## WHAT THE EXERCISE ASKS
When you reach the line containing "Ocean Dream Cabarete Exterior foto", begin reproducing the material exactly, stop after the line containing "Value Collection - Hydraulic", and leave out any pictures along the way.

## EXTRACTED RECORDS
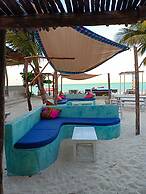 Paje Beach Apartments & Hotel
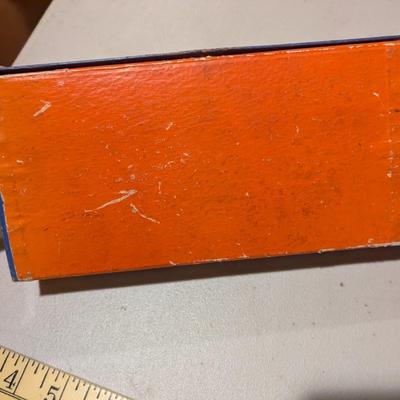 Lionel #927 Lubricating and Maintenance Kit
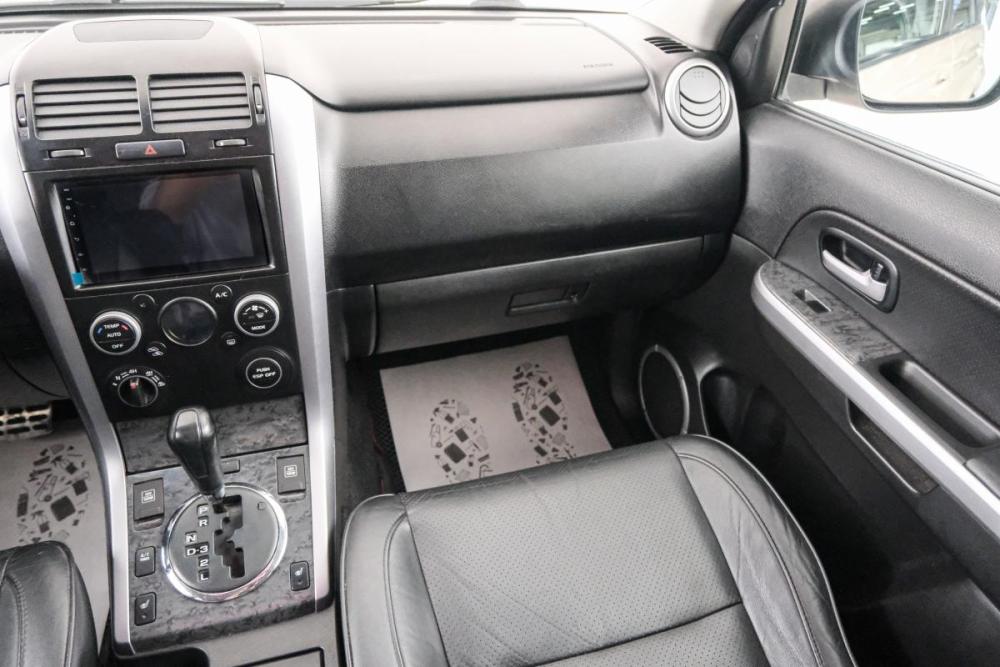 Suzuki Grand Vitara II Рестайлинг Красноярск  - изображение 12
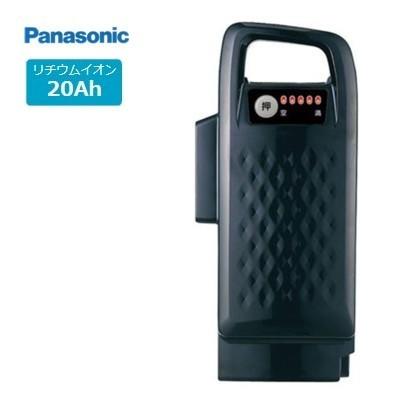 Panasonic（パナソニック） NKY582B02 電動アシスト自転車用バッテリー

--

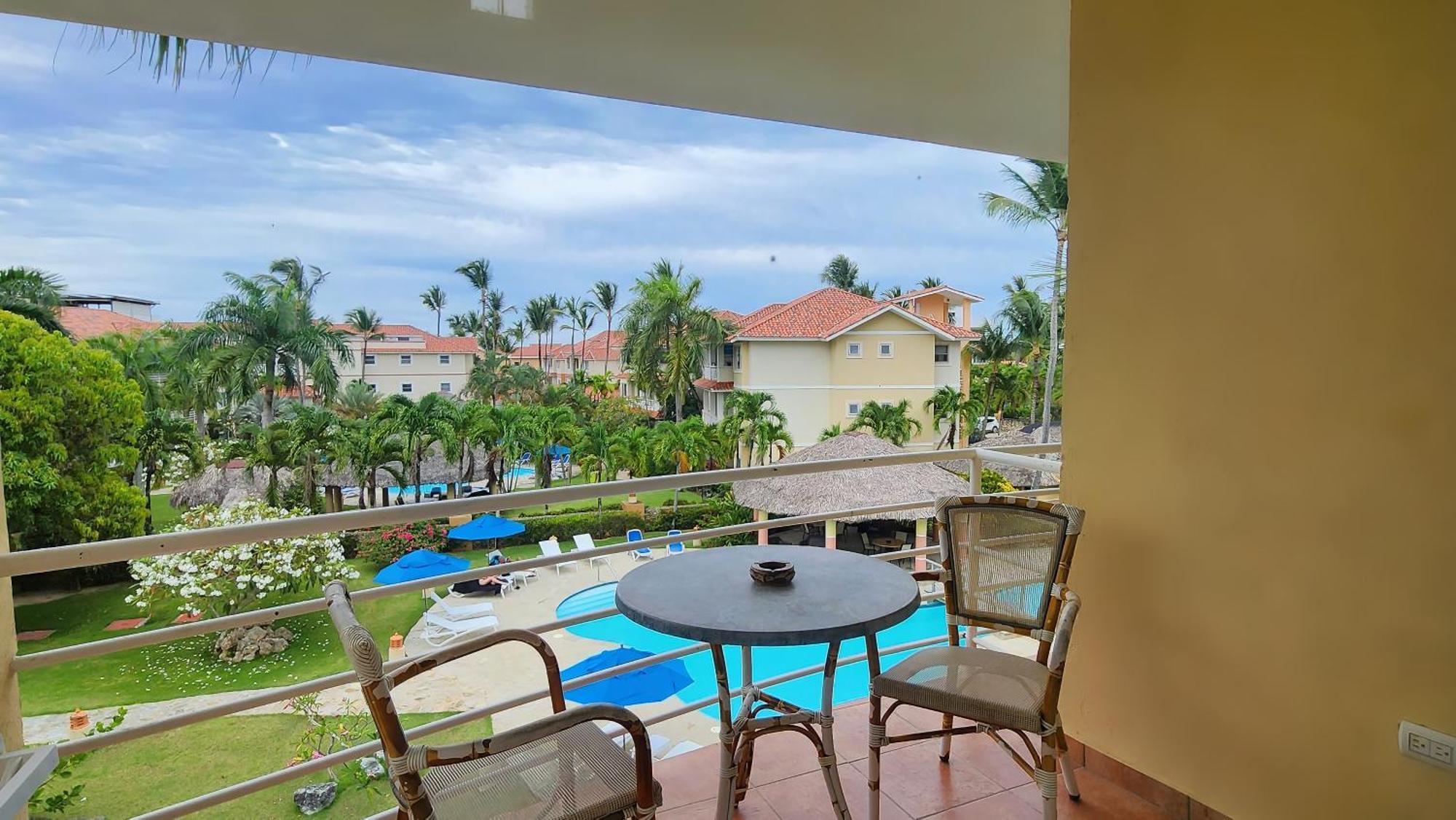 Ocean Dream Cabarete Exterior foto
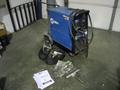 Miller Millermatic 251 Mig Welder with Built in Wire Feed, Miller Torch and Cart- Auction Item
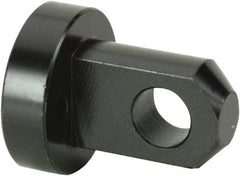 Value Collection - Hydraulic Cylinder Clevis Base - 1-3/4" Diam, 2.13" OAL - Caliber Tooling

--

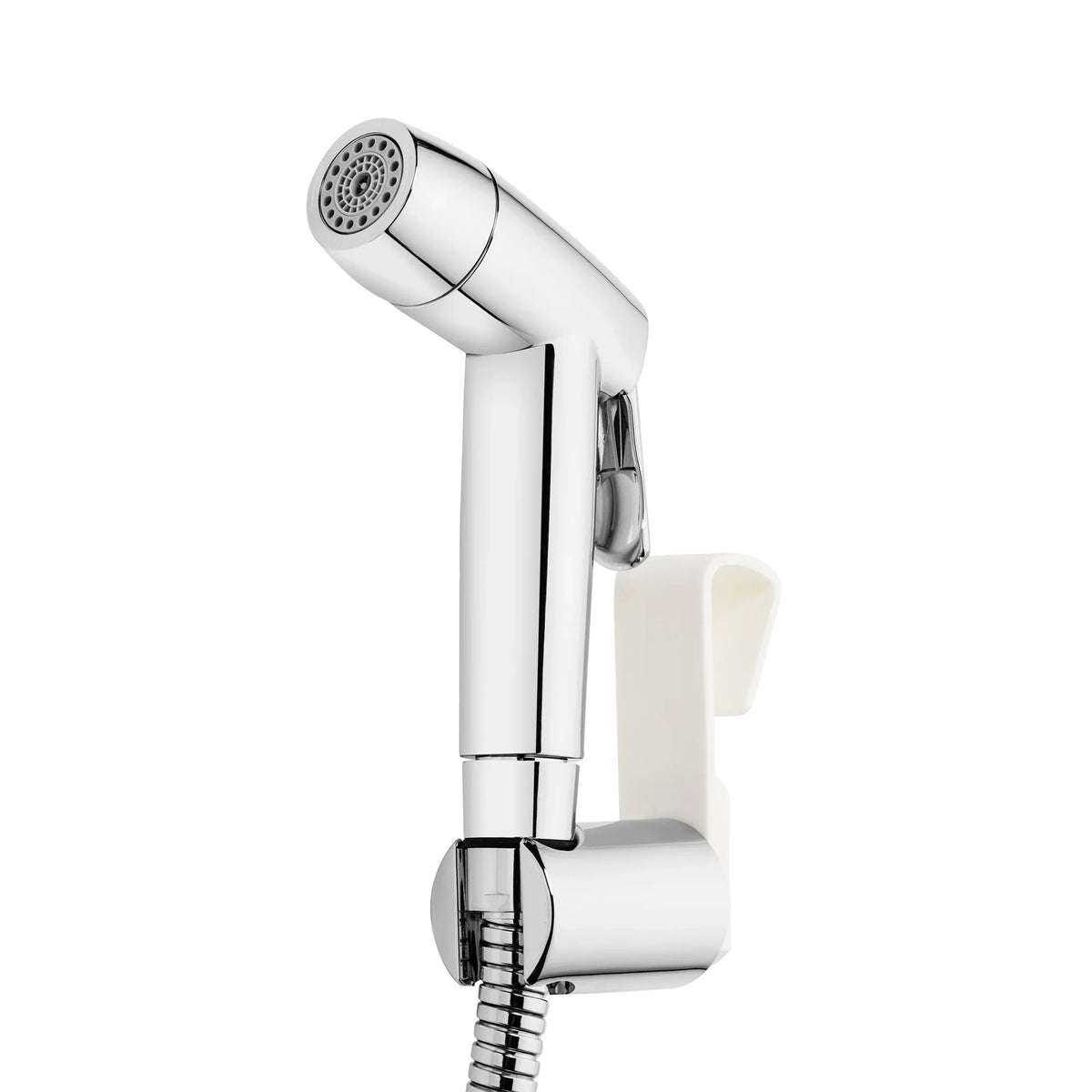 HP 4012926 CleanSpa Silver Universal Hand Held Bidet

## WRITTEN REPLY
 Ocean Dream Cabarete Exterior foto
 Miller Millermatic 251 Mig Welder with Built in Wire Feed, Miller Torch and Cart- Auction Item
 Value Collection - Hydraulic Cylinder Clevis Base - 1-3/4" Diam, 2.13" OAL - Caliber Tooling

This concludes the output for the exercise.